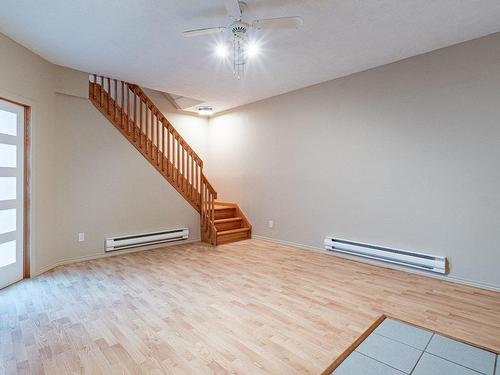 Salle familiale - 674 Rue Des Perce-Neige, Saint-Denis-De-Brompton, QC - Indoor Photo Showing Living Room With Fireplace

...

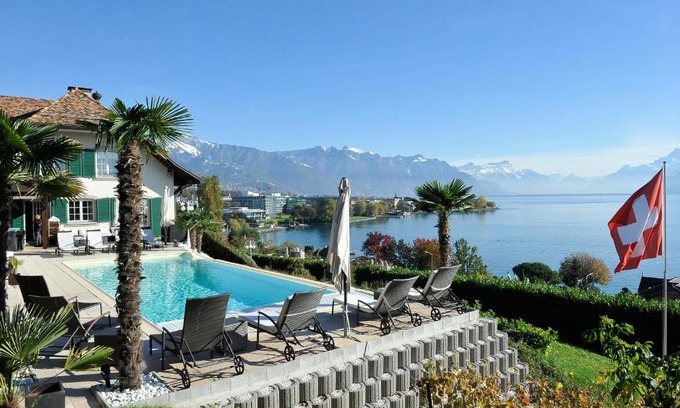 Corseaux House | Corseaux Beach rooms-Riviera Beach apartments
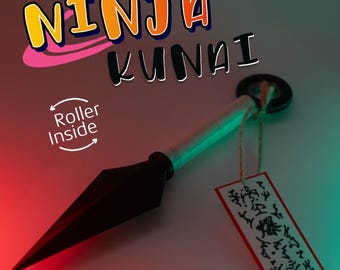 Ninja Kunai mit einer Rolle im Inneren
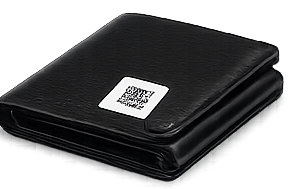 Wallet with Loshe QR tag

* * *

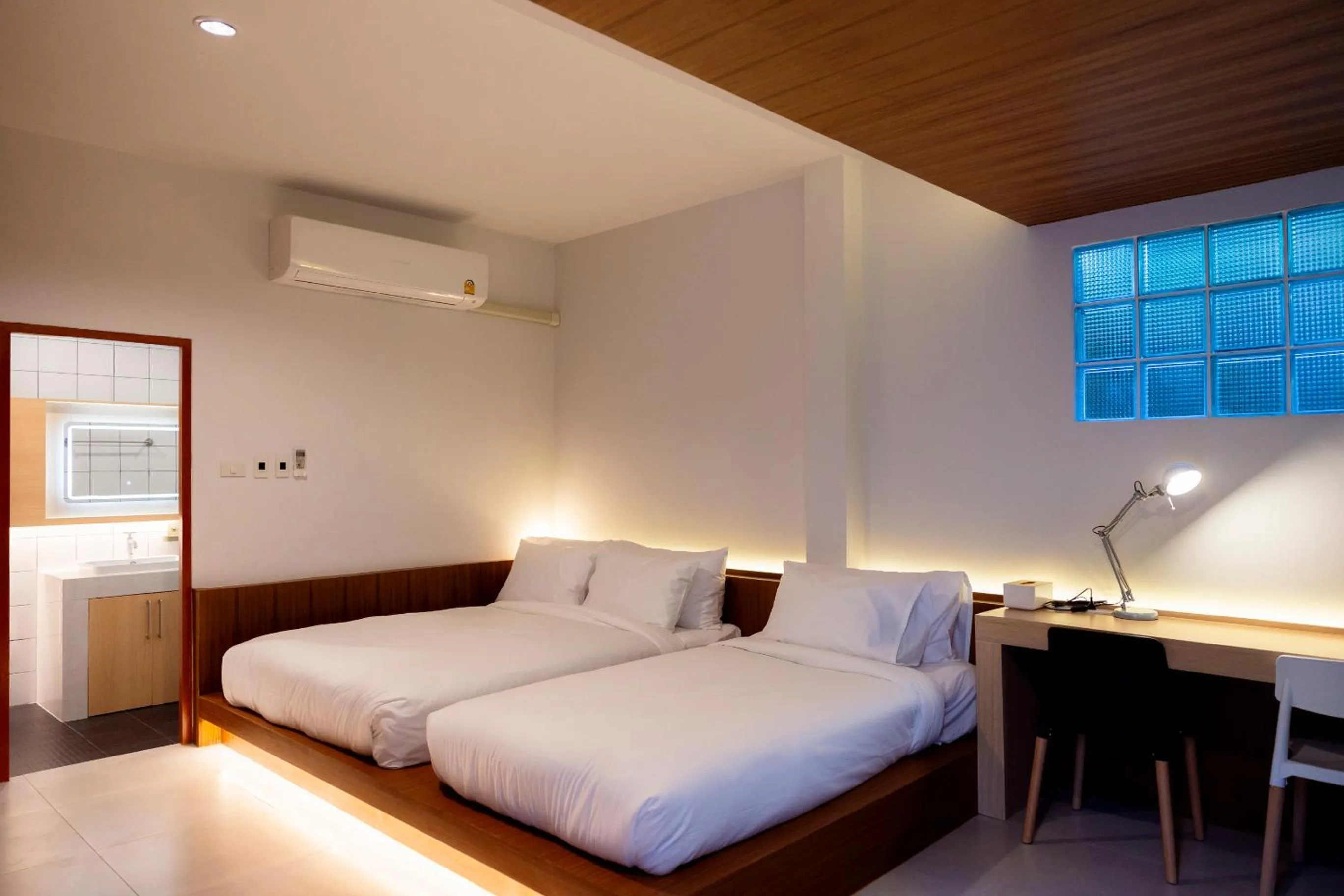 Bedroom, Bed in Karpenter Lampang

Exercise directions — Keep to the stretch from the line containing "Corseaux House |" through the line containing "Wallet with Loshe QR tag", both ends included, and copy it exactly from the listing above, minus the pictures.

Task response —
 Corseaux House | Corseaux Beach rooms-Riviera Beach apartments
 Ninja Kunai mit einer Rolle im Inneren
 Wallet with Loshe QR tag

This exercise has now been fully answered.